Flow-through capacitors are represented in Andelman U.S. Pat. No. 5,192,432, issued Mar. 9, 1993; U.S. Pat. No. 5,196,115, issued Mar. 23, 1993; U.S. Pat. No. 5,200,068, issued Apr. 6, 1993; U.S. Pat. No. 5,360,540, issued Nov. 1, 1994; U.S. Pat. No. 5,415,768, issued May 16, 1995; U.S. Pat. No. 5,547,581, issued Aug. 20, 1996; U.S. Pat. No. 5,620,597, issued Apr. 15, 1997; U.S. Pat. No. 5,779,891, issued Jul. 14, 1998; Otowa U.S. Pat. No. 5,538,611, issued Jul. 23, 1996; Farmer U.S. Pat. No. 5,425,858, issued Jun. 20, 1995; and Benak U.S. Pat. No. 3,658,674, issued Apr. 25, 1972. These patents all describe flow-through capacitors that electrically comprise a single electric cell per cartridge holder. Scale up to larger size causes these capacitors to draw high amperage power. High amperage power requires extra thick wires and buss bars and expensive power supplies. Therefore, a need exists for a flow-through capacitor which can utilize less expensive, more economical, higher voltage, lower amperage power for a given watt rating.
The aforementioned prior art patents describe single cell capacitors with one cell per cartridge holder, utilizing multiple, parallel-connected anode and cathode layers per cell. A cell comprises at least one anode and cathode layer with an ionically conducting electrolyte that operates within the rated cell voltage. This rated voltage is usually set below the level where electrode deterioration takes place or other undesirable electrochemical reactions occur. Where multiple electrode layers exist, these layers are usually connected in parallel. In the flow-through capacitor, this electrolyte is the working fluid that is being treated. In order not to exceed the rated voltage per cell, this fluid must be electrically isolated from the fluid in any other cell. In order to electrically connect prior art capacitors in series, individual flow-through capacitor cartridge holders must be chained together. Fluid flow and electricity must be distributed equally between cells, so that the individual cell voltages do not become unbalanced. This often requires that each cell be individually monitored and controlled. For example, FIG. 15 of Andelman U.S. Pat. No. 5,799,891 pictures a flow-through capacitor system with three flow-through capacitors in individual cartridge holders. Each cartridge holder contains one cell, typically made from multiple, parallel-connected electrodes. Use of an additional cartridge holder per cell increases the cost of series-connected, flow-through capacitors that comprise multiple cells, yet are self-contained in one cartridge holder. Also, a need exists for a series-connected, flow-through capacitor that can operate at voltages higher than that of a single cell, yet within a single cartridge holder, where the individual cells are electrically isolated from one another.
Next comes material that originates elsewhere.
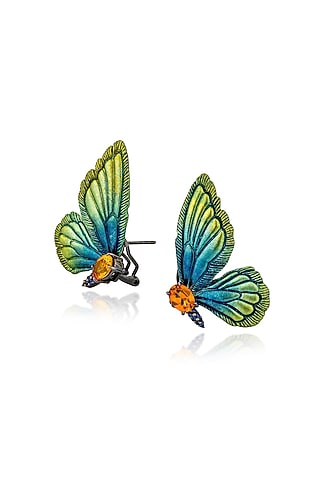 White Rhodium Finish Green Enameled Butterfly Stud Earrings In Sterling Silver by MISS JO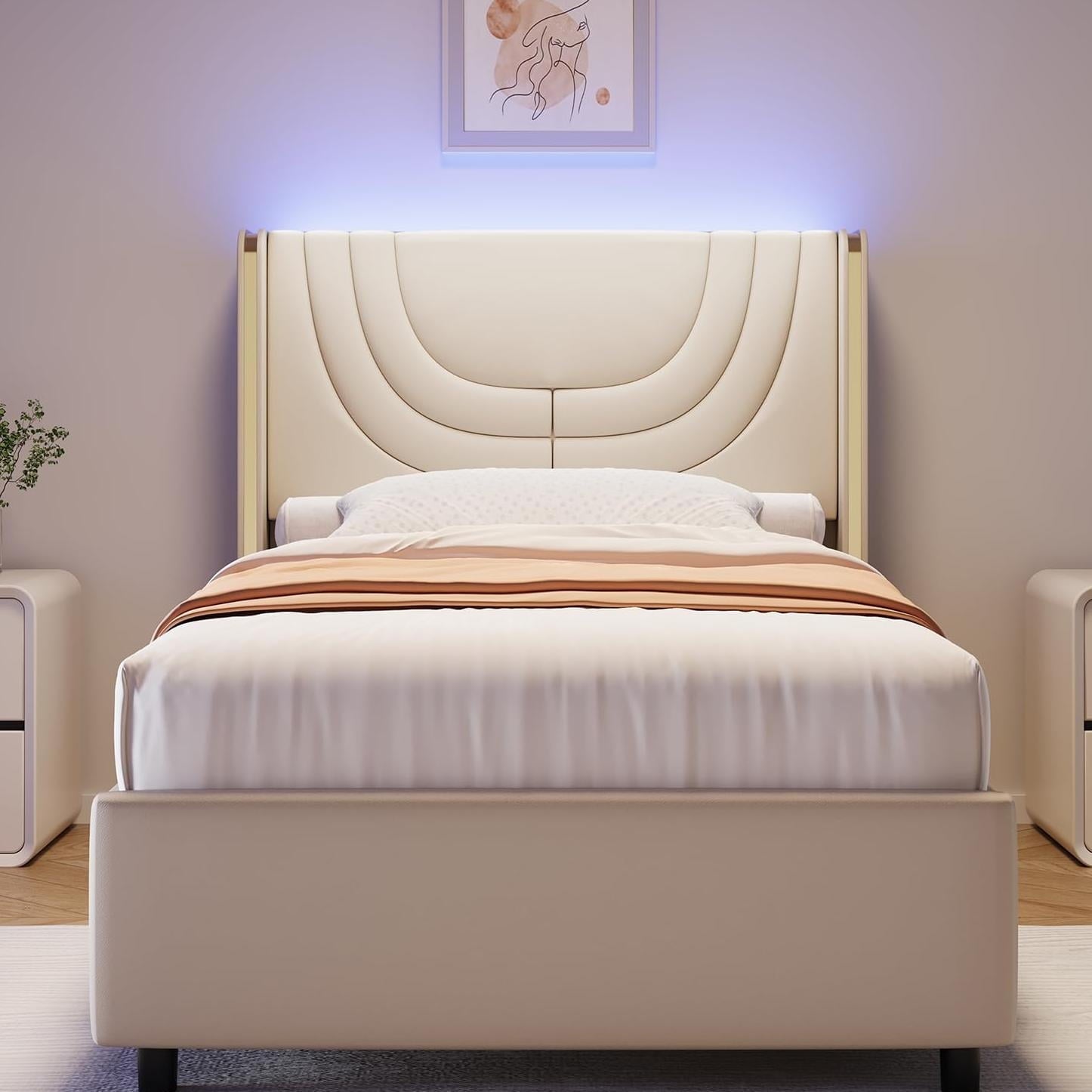 4 EVER WINNER Twin /Full/Queen/KIng Size Bed Frame, Upholstered Bed Frame with Headboard, No Box Spring Required, Easy AssemblyBEAX539-YBLED-WT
Otowa U.S. Pat. No. 5,538,611 and Farmer U.S. Pat. No. 5,425,858 both utilize gaskets to isolate the fluid flow path. Otowa utilizes single electrode layers sealed by a gasket. However, Otowa does not use double-sided electrodes to provide a capacitor of enhanced voltage internal to a single cartridge holder. Farmer utilizes gaskets and many double-sided, internal electrode layers, but these layers are connected in parallel.
The invention relates to a flow-through capacitor, system and method.
It is desirable to provide a series-connected, flow-through capacitor to allow the use of more energy and cost efficient electrical power within a single, easy to manufacture cartridge.
The invention is also related to a series-connected, flow-through capacitor with multiple individual electrolyte-isolated cells and which capacitor is self-contained in a single cartridge holder.
An additional advantage of the present invention is that only the electrical leads at the either end of the electrode stack need be connected to a power supply, yet voltage may be higher than the single cell rating.
The invention comprises a flow-through capacitor for the purification of an electrolyte fluid, which capacitor includes: a cartridge holder; an inlet in the holder for a fluid to be purified; an outlet in the holder for the withdrawal of a purified fluid; a discharge outlet; and a plurality of electrolyte-isolated individual cells, each cell composed of an anode-cathode pair of electrode material in a stacked arrangement within the holder, and the individual cells are electrically connected in series.
In the present invention, the electrodes of the capacitor are series-connected, due to sealing gasket, so that the intermediate electrodes of the capacitor simultaneously comprise an anode on one side and a cathode on an other side.
The invention will be described for the purpose of illustration only in connection with certain illustrated embodiments; however, it is recognized that various changes, modifications, additions, and improvements may be made in the illustrative embodiments without departing from the spirit or scope of the invention.